Task description: A word-for-word repetition of the records beneath this task is the expected answer.
+-------+
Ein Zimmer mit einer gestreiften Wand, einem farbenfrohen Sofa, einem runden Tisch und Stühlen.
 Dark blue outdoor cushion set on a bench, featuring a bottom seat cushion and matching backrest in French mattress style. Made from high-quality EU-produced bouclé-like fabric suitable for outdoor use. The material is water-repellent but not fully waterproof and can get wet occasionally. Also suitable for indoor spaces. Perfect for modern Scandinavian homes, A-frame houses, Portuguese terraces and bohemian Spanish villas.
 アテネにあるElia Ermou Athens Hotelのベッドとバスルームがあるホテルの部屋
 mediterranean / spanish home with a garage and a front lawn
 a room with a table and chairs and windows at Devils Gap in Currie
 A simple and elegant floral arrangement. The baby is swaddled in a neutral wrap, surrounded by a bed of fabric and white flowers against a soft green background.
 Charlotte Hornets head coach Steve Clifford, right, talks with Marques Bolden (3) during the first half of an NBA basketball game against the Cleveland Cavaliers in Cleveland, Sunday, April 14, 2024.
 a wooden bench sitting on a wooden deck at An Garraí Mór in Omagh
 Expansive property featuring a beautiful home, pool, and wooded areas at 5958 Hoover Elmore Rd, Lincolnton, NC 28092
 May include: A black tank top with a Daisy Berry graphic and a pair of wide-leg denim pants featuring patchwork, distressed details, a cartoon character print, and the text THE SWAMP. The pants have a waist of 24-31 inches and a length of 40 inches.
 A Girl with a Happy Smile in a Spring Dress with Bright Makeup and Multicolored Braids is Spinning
+-------+
Exercise solution:
Ein Zimmer mit einer gestreiften Wand, einem farbenfrohen Sofa, einem runden Tisch und Stühlen.
 Dark blue outdoor cushion set on a bench, featuring a bottom seat cushion and matching backrest in French mattress style. Made from high-quality EU-produced bouclé-like fabric suitable for outdoor use. The material is water-repellent but not fully waterproof and can get wet occasionally. Also suitable for indoor spaces. Perfect for modern Scandinavian homes, A-frame houses, Portuguese terraces and bohemian Spanish villas.
 アテネにあるElia Ermou Athens Hotelのベッドとバスルームがあるホテルの部屋
 mediterranean / spanish home with a garage and a front lawn
 a room with a table and chairs and windows at Devils Gap in Currie
 A simple and elegant floral arrangement. The baby is swaddled in a neutral wrap, surrounded by a bed of fabric and white flowers against a soft green background.
 Charlotte Hornets head coach Steve Clifford, right, talks with Marques Bolden (3) during the first half of an NBA basketball game against the Cleveland Cavaliers in Cleveland, Sunday, April 14, 2024.
 a wooden bench sitting on a wooden deck at An Garraí Mór in Omagh
 Expansive property featuring a beautiful home, pool, and wooded areas at 5958 Hoover Elmore Rd, Lincolnton, NC 28092
 May include: A black tank top with a Daisy Berry graphic and a pair of wide-leg denim pants featuring patchwork, distressed details, a cartoon character print, and the text THE SWAMP. The pants have a waist of 24-31 inches and a length of 40 inches.
 A Girl with a Happy Smile in a Spring Dress with Bright Makeup and Multicolored Braids is Spinning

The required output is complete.